(RAW DATA Opens)

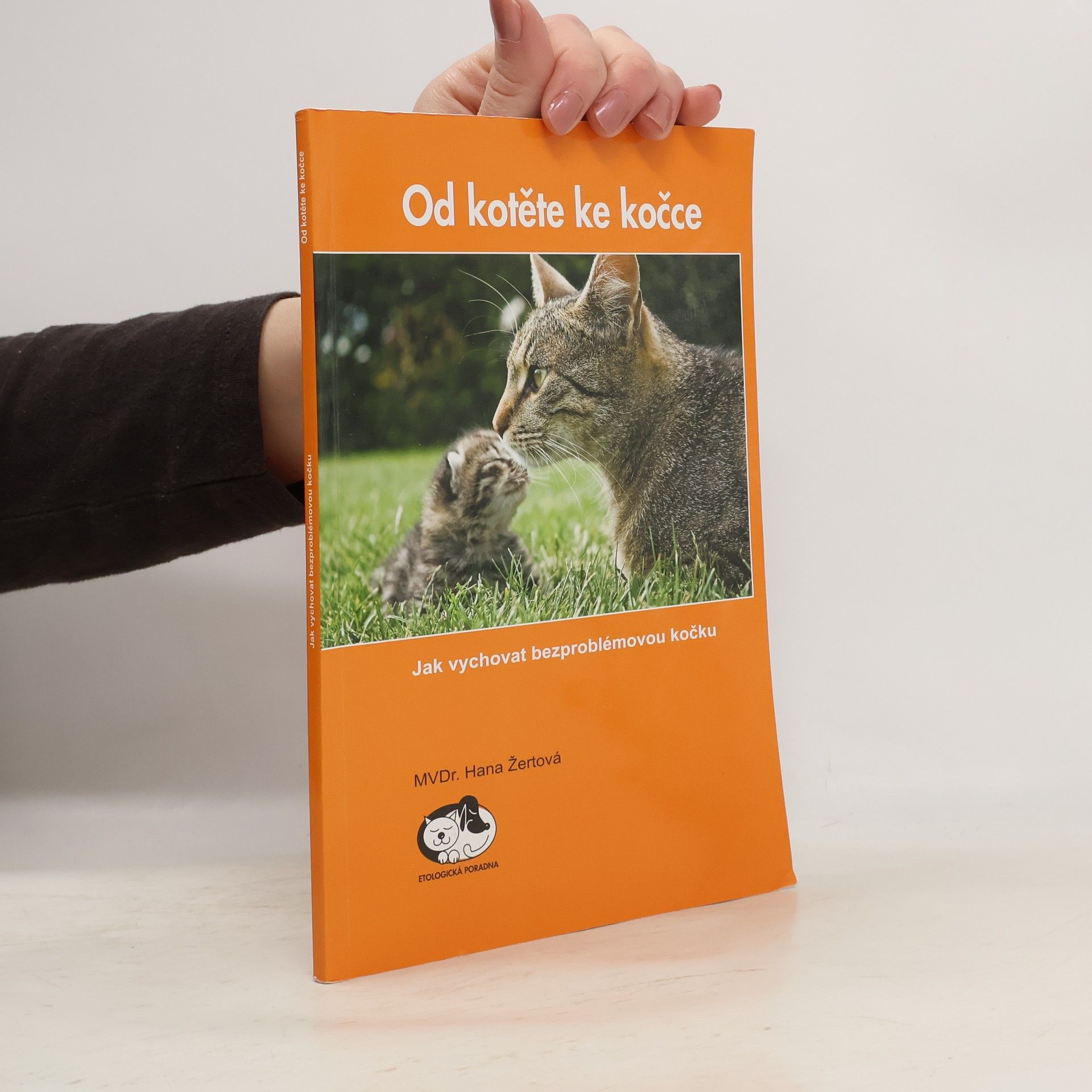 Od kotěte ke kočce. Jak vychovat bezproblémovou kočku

(RAW DATA Closes)
(RAW DATA Opens)

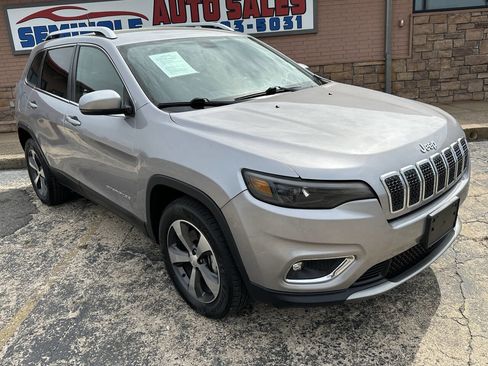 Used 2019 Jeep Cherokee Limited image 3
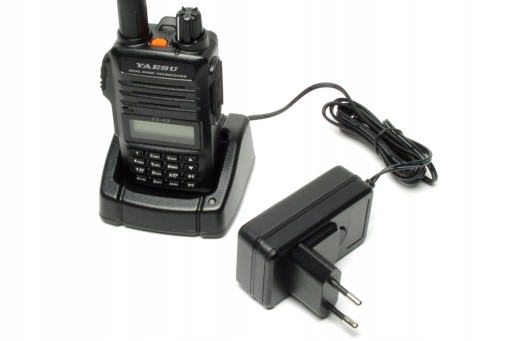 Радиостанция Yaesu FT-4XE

(RAW DATA Closes)

# PROBLEM
Your answer must be everything above from the line with "Used 2019 Jeep Cherokee Limited image 3" down to the line with "Радиостанция Yaesu FT-4XE", word for word, and no pictures.

# EXERCISE RESULT
 Used 2019 Jeep Cherokee Limited image 3
 Радиостанция Yaesu FT-4XE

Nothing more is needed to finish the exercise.